Recorded information:
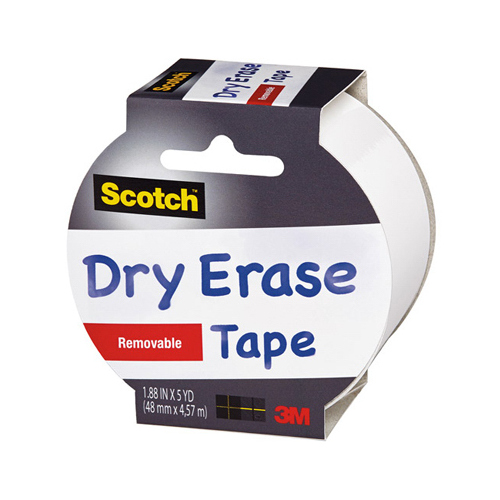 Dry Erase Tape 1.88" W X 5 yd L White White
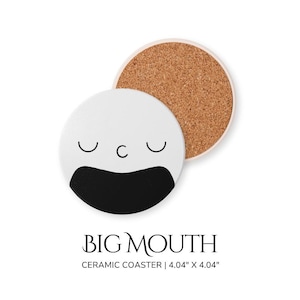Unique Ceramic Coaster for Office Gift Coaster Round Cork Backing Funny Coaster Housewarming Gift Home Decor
...
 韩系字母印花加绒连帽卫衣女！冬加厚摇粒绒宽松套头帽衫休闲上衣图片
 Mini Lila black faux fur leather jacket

Task goal:
Out of the entries above, write out only the lines between the line holding "韩系字母印花加绒连帽卫衣女！冬加厚摇粒绒宽松套头帽衫休闲上衣图片" and the line holding "Mini Lila black faux fur leather jacket", inclusive, each exactly as given.

Worked solution:
 韩系字母印花加绒连帽卫衣女！冬加厚摇粒绒宽松套头帽衫休闲上衣图片
 Mini Lila black faux fur leather jacket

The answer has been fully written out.